Dear (Aunt) (Uncle) (Stinker) (Gran) (Clot) (Pen-Pal)
Thank you very much for the (train) (tractor) (germ gun) (kite) (delicious present*) (sweets) (space pistol) (toy socks)
It was (lovely) (useful) (just as good as the other three) (not bad) (super)
And I hav (played with it constantly) (busted it already) (no patience with it) (given it to the poor boys) (dismantled it)
I am feeling (very well) (very poorly) (lousy) (in tip-top form) (sick) I hope you are too.
My birthday when next present is due is on . . . . . .
From . . . . . .
(Postage must be prepaid.)
* When you can’t remember what it was.
Published on January 11, 2013 00:36
January 10, 2013
The interweb at its finest
My favourite entry in Yellow Pages (sadly long since removed)I think we sometimes forget how much the internet/world wide web has changed the way we do things for the better. Here's a little story to illustrate this - and also I think to show that the power of something like the web is the ability to use it in unexpected ways.
I needed to replace a couple of tyres on a car.
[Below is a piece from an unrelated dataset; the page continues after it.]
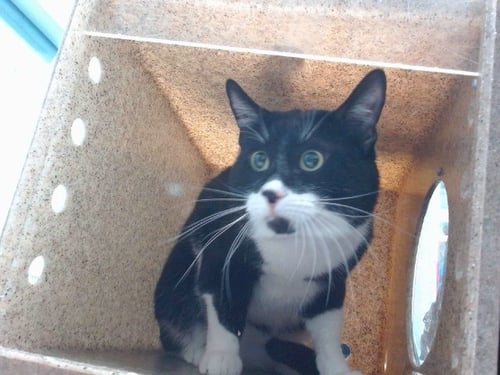 FELIX - Domestic Short Hair available for adoption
I was quite happy with the outfit I'd used for new tyres before, but because I don't buy tyres very often, I couldn't remember the company's name. This has happened before, rather a lot.
Of course, if I was all organized and such I would have carefully noted down the details of the tyre place in Evernote and I could just search that and pull them up in seconds. But I wasn't and I didn't. What can I say? I'm lazy.
In the old days I would have hunted for that tree graveyard the Yellow Pages ('I'm sure I left it there...') looked up tyre services, and then would have spent 15 minutes looking through the adverts, trying to decide which of the silly names was the business I used before. 'That seems vaguely familiar... but then so does this...'
Now, though, with the interweb at hand, the way I came to it was more a parallel of the way the brain deals with information. Though I couldn't remember the name of the tyre shop, I could remember where it was. But only in the sense of 'It's on that roundabout, you know, the one near Go Outdoors' - I didn't know a street name. No problem. Pull up Google maps, follow the route from home to 'that roundabout' and I have the location pinned down. Zip into Streetview - and I can see the building and read the name of the company.
At this point, quite recently I would have then turned to the electronic version of the phone book to get the number. But why bother? Type the company name in Google and up pops the phone number. I'm there in under a minute after employing the vaguest of search algorithms.
And that's why the internet/web is so good.